Black Faculty at the Nation's Highest-Ranked Colleges and Universities

In all but a few cases, the nation's highest-ranked colleges have made only slight progress in increasing the percentage of blacks on their faculties. At the current rate of improvement, it will be a century or more before the black percentages of the faculties of these institutions mirror the black percentage of the American work force.

Nationwide, just over 5 percent of all full-time faculty members at colleges and universities in the United States are black. This percentage has increased slightly over the past decade.

But the percentage of black faculty at almost all the nation's high-ranking universities is significantly below the national average.

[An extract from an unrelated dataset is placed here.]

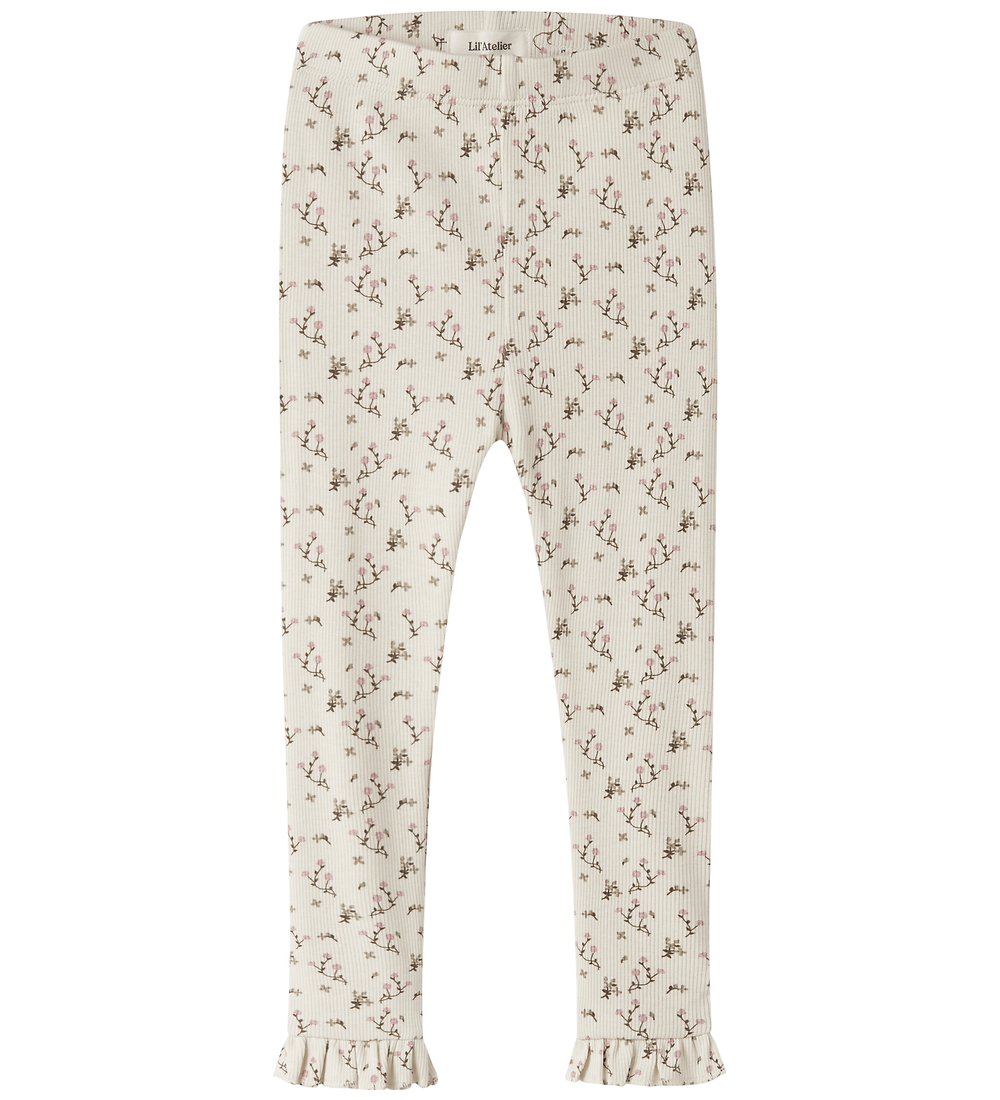 Lil' Atelier Leggings - Rib - NmfLago - Turtledove/Rose Flower - Lil Atelier - 4 Jahre (104) - Leggings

JBHE recently surveyed the nation's 30 highest-ranked universities to determine the number and percentage of blacks on their faculties. We received responses from 28 high-ranking universities. Tufts University and the University of Southern California declined to provide statistics to the JBHE research department.

This Year's Results

Of the 28 high-ranking universities that responded to our survey this year, blacks made up more than 5 percent of the total full-time faculty at only four institutions. Once again, as was the case in our previous survey in 2002, Columbia University has the highest percentage of black faculty at 6.4 percent. But it must be noted that after our 2002 survey was published, it was later reported that a large majority of Columbia's black faculty members were in its graduate and professional schools. Columbia professor Manning Marable told JBHE that of the 400 professors with tenure at the Columbia College of Arts and Sciences, only five were black. Professor Marable added that the number of black faculty at the undergraduate college had not increased in the past decade. We note that this summer Columbia has pledged $15 million for an effort to increase the number of women and minorities on its faculty

The 90 black faculty members at the University of North Carolina made up 5.7 percent of the full-time faculty, the second highest level in our survey. At Emory University in Atlanta, blacks are 5.2 percent of the total faculty. At the University of Michigan, there are 140 black full-time faculty, the most of any university in our survey. They make up 5.1 percent of the full-time faculty on the Ann Arbor campus.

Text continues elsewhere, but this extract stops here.